Und wenn wir nur unser Leben nach jenem Grundsatz einrichten, der uns rät, daß wir uns immer an das Schwere halten müssen, so wird das, welches uns jetzt noch als das Fremdeste erscheint, unser Vertrautestes und Treuestes werden. Wie sollten wir jener alten Mythen vergessen können, die am Anfange aller Völker stehen, der Mythen von den Drachen, die sich im äußersten Augenblick in Prinzessinnen verwandeln; vielleicht sind alle Drachen unseres Lebens Prinzessinnen, die nur darauf warten, uns einmal schön und mutig zu sehen. Vielleicht ist alles Schreckliche im tiefsten Grunde das Hilflose, das von uns Hilfe will.

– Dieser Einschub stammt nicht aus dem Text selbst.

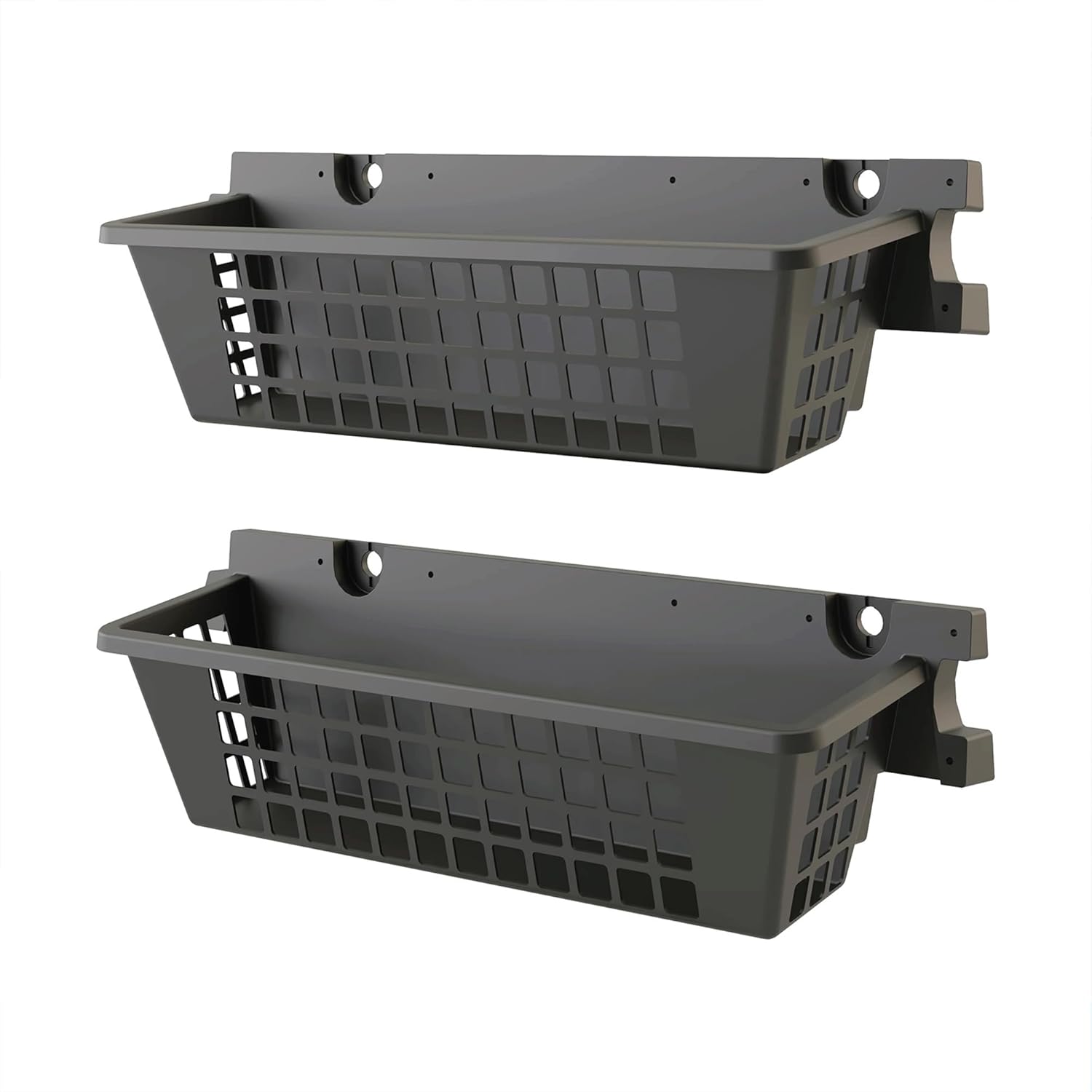 Suncast 2-Pack Accessory Baskets, Resin Organizers for Shed, Black, 25" x 7.25" x 7" - Outdoor Storage Organization, 30 lb Weight Capacity Per Shelf Basket, EZ Bolt Wall-Mount Assembly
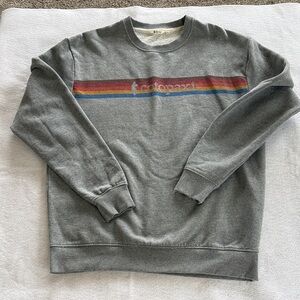 Cotopaxi Men's Gray Crewneck Sweater with Rainbow Stripe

 Da darf man nicht erschrecken, wenn eine Traurigkeit vor einem sich aufhebt, so groß, wie man noch keine gesehen hat; wenn eine Unruhe, wie Licht und Wolkenschatten, über Ihre Hände geht und über all unser Tun. Wir müssen denken, daß etwas an uns geschieht, daß das Leben uns nicht vergessen hat, daß es uns in der Hand hält; es wird uns nicht fallen lassen. Warum wollen wir irgendeine Schwermut von unserem Leben ausschließen, da wir doch nicht wissen, was diese Zustände an uns arbeiten? Warum wollen wir uns mit der Frage verfolgen, woher das alles kommen mag und wohin es will? Da wir   doch wissen daß wir in den Übergängen sind, und nichts so sehr wünschten, als uns zu verwandeln. 
(...)

Und wenn ich Ihnen noch eines sagen soll, so ist es dies: Glauben Sie nicht, daß der, welcher Sie zu trösten versucht, mühelos unter den einfachen und stillen Worten lebt, die Ihnen manchmal wohltun. Sein Leben hat viel Mühsal und Traurigkeit und bleibt weit hinter Ihnen zurück. Wäre es aber anders, so hätte er jene Worte nie finden können.